### EXERCISE INSTRUCTIONS
The expected response is the complete listing below, restated exactly, with its pictures omitted.

### DATA

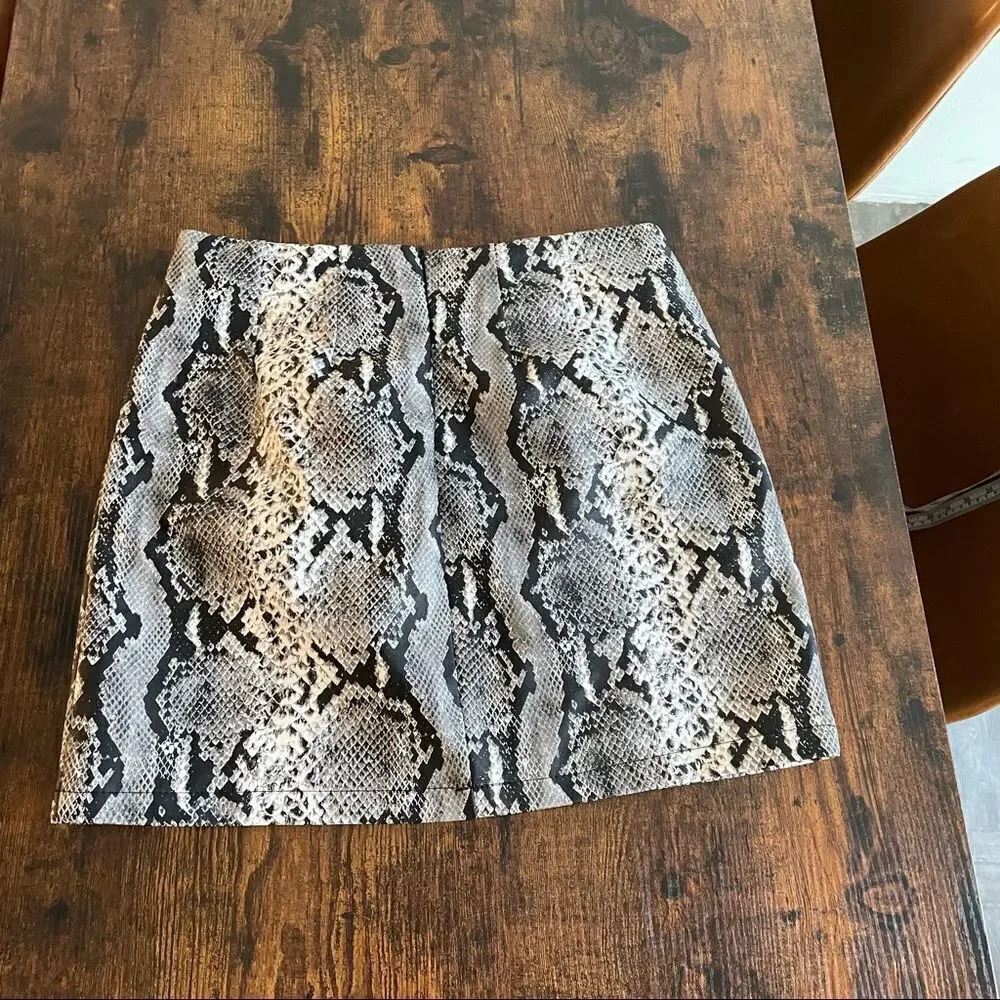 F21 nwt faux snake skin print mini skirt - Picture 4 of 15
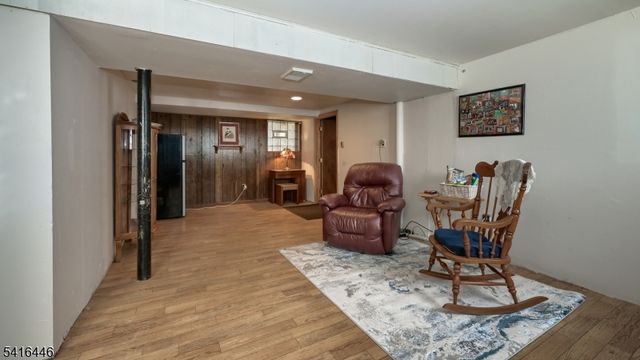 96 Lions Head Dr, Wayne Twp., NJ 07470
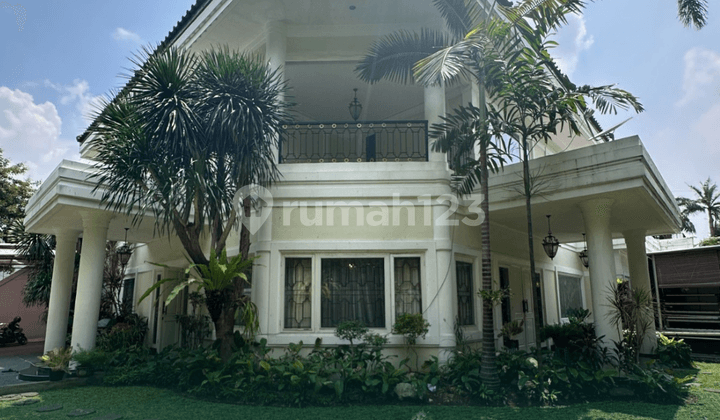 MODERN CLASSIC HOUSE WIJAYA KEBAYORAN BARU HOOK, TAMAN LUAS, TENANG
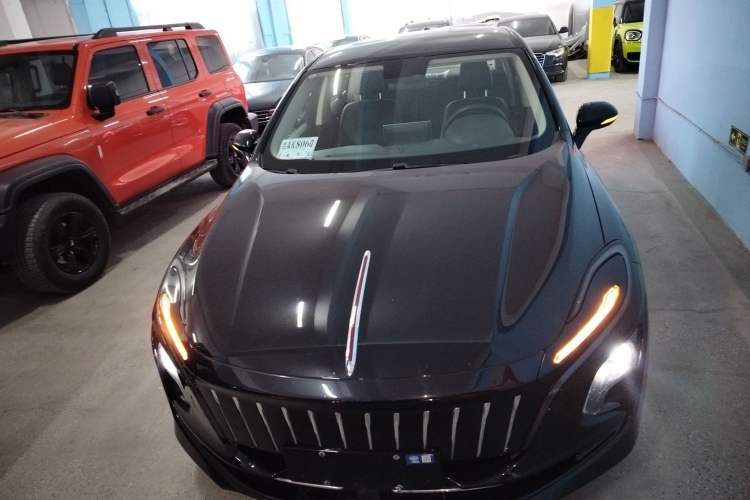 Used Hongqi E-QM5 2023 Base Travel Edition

### WRITTEN ANSWER
 F21 nwt faux snake skin print mini skirt - Picture 4 of 15
 96 Lions Head Dr, Wayne Twp., NJ 07470
 MODERN CLASSIC HOUSE WIJAYA KEBAYORAN BARU HOOK, TAMAN LUAS, TENANG
 Used Hongqi E-QM5 2023 Base Travel Edition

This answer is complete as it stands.